All this could have been. I think I was about nine or ten when Mom was trying to convince Dad to move to Terengganu as a career move.
Sometime before, Dad had been in the timber business, grading woods or something. The entire sector was at that point sunsetting; probably because some people decided cutting trees was no longer a good idea.
I don't know how Dad came to be in this line, whether by chance or by choice. If I have to rationalize it, Malaysia had many trees to cut, so there must have been a future in it somewhere.
The company Dad worked for folded. In between jobs, relatives on Mom's side had a timber business operating in Terengganu. They thought Dad could play a role there.
Discussions took place among them, most of which I didn't understand. Eventually, we even made a family trip to Terengganu as a reconnaissance mission.

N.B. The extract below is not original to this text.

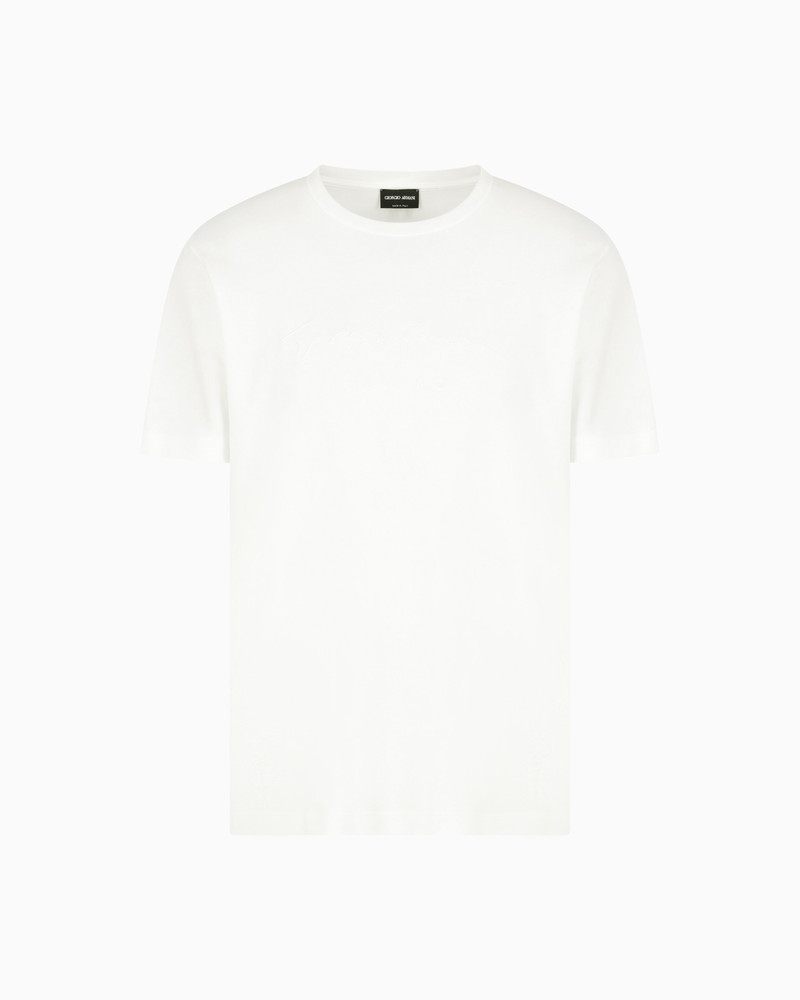 Pure cotton interlock T-shirt with embroidered logo 1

We visited a factory, and more discussions occurred.
Throughout the trip, I fantasized about living in a much larger house, having my own mountain bike, and riding in the dark late at night.
In a town like Terengganu, ambition means something very different. It's technically a state, but it's really a very large town.

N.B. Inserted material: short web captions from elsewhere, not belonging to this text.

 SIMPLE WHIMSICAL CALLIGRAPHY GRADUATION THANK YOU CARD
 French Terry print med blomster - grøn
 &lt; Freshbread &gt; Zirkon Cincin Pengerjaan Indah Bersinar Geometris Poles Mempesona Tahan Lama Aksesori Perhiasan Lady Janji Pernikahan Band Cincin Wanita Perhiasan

When you immerse yourself in it, even for just a while, you don't need to be told to curb your sense of potential. You can almost touch the ceiling of aspiration; it's that low.
Nobody thinks of Terengganu as the future. Not then, not now. We could either paint this as the infinite wisdom of its people in resisting the poison of modern development, or the lack of will and ability for it.
Dad ultimately didn't take the job in Terengganu. In his words, he was overqualified for what this business required. I can only take his word for it. But I wonder if there was more to it than that.
I could speculate, but it might involve smuggling some unqualified virtue onto Dad's part and narcissism on my own.
Future prospects matter. By settling in Terengganu, Dad would have locked himself into this geography, limiting his options for dabbling in other domains (which he ultimately did).
Dad could also have been concerned about how growing up in Terengganu would affect me.
It takes a village to raise a child, the saying goes. Whatever village Terengganu had to offer, it did not look appealing to Dad.
In this alternate history, I suspect I would have been much more liberal with money and hedonism, maybe even picking up gambling habits along the way. But I probably wouldn't have had enough vocabulary to construct a post like this.
One of these days, I should ask my cousins (Mom's side) how they ended up residing in Terengganu. It's a highly contrarian move, especially for Chinese, even today.
Some of them did end up doing financially well. Being book smart is not what it takes, I promise you that.
This is very characteristic of the southern Chinese mindset: go to where competition is scarce and carve up opportunities where others are unwilling to.
Southern Chinese came with Canton-built firmware embedded in the language that simply makes us natural merchants.
There is an unspoken superiority that Mandarin speakers don't understand. Though this will all disappear when dialects are slowly wiped out in the coming decades.
On my part, I might not know what I missed, but I don't mind not being a Terengganu boy.